Children with ADHD might need a bit of extra help learning to get along with other children. You can help your child develop social skills by rewarding helpful behaviour, teaching strategies to use if there’s a problem with another child (eg. ‘Catch & trash’, walk away, talk to a teacher), and teaching your child to keep an eye on their own behaviour (eg. ‘Stop, think, do’).

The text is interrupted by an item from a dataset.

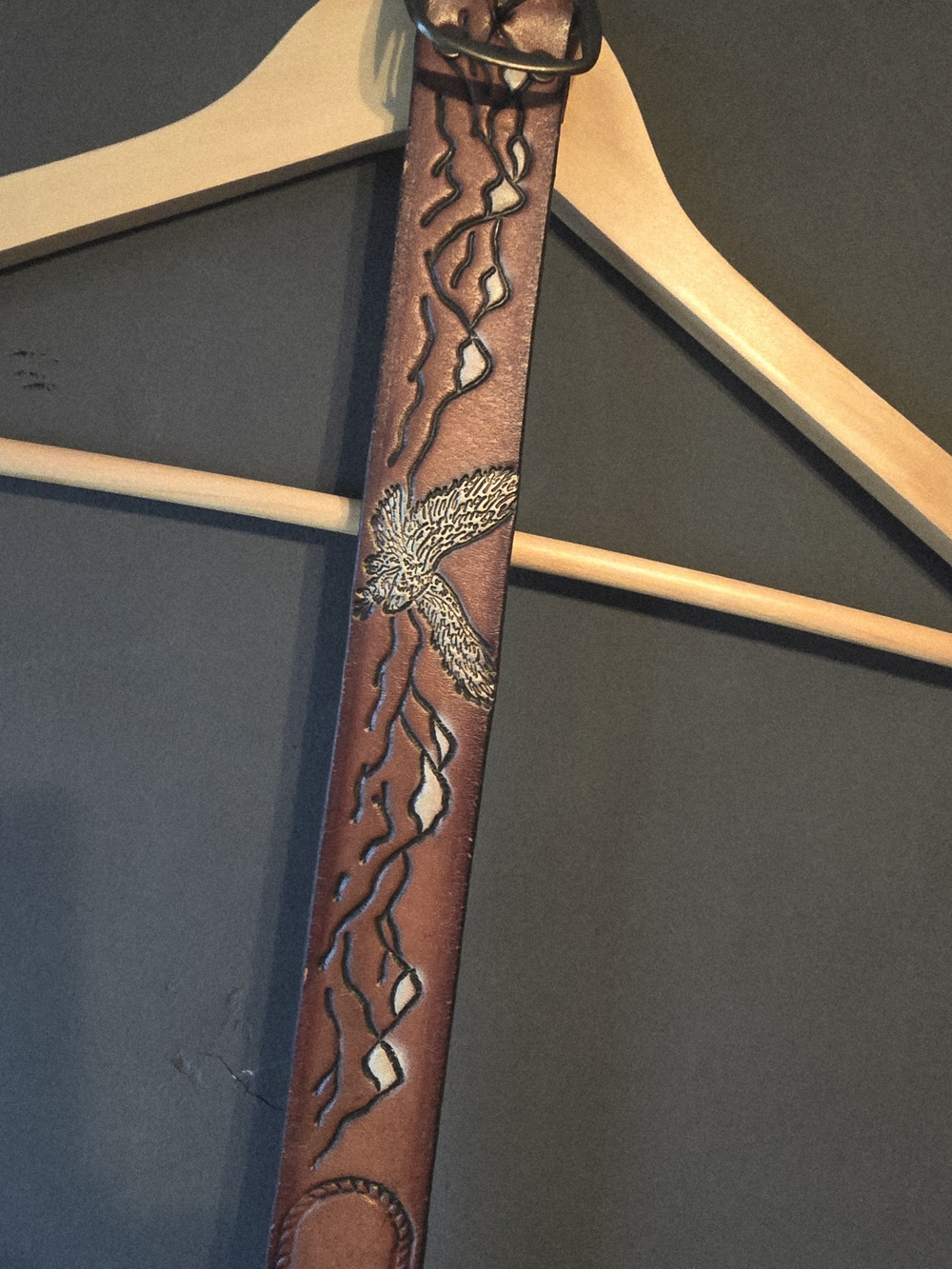 Brown Embossed Leather Women's Belt with Eagle Detail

  • Praise for positive behaviour

Praise and encouragement for positive behaviour will make it more likely to happen again. Make a big deal when your child does well. Set your child up for success by involving him in activities where he is likely to do well.

  • At school

Try talking to you child’s teacher, principal or special needs co-ordinator about getting the support your child needs for any learning, language and physical problems at school. A behaviour toolkit for school age children can be found at

  • Look after yourself

By looking after yourself and managing your own stress, you are better equipped to help and support your child. Rope in family and friends to help, try a support group, and speak to your child’s health professional about any difficulties you’re having. Consider seeing your own doctor or counsellor if things are getting too much.

NOTE: Children with ADHD can live normal lives with the right treatment and support. ADHD can be associated with other developmental challenges and health issues. This might make a diagnosis even more difficult. Trust your instincts, find the right doctors and know that there are other parents experiencing similar journeys. 'The Day' is a candid post written by a parent who struggled to reach a diagnosis for her son.


Related books

All dogs have ADHD

All dogs have ADHD by Kathy Hoopmann

This picture book takes an inspiring and affectionate look at ADHD, using images and ideas from the canine world to explore a variety of traits that will be instantly recognizable to those who are familiar with ADHD.

Understanding ADHD

Understanding ADHD by Dr Christopher Green & Dr Kit Chee

Understanding ADHD gives a clear overview of ADHD - the causes, the behaviours and the treatments. It is full of well-tried, practical and proven strategies to help with common ADHD problems such as inattention, impulsiveness and underachievement. Drawing on the latest research, the new edition includes how to identify ADHD in your child, ADHD in the under-fives, how to encourage better behaviours at school and home, medication and alternative therapies (the pros and cons), how to deal with the stress ADHD causes for parents and siblings, how to help with reading, writing and language, and advice for adults with ADHD.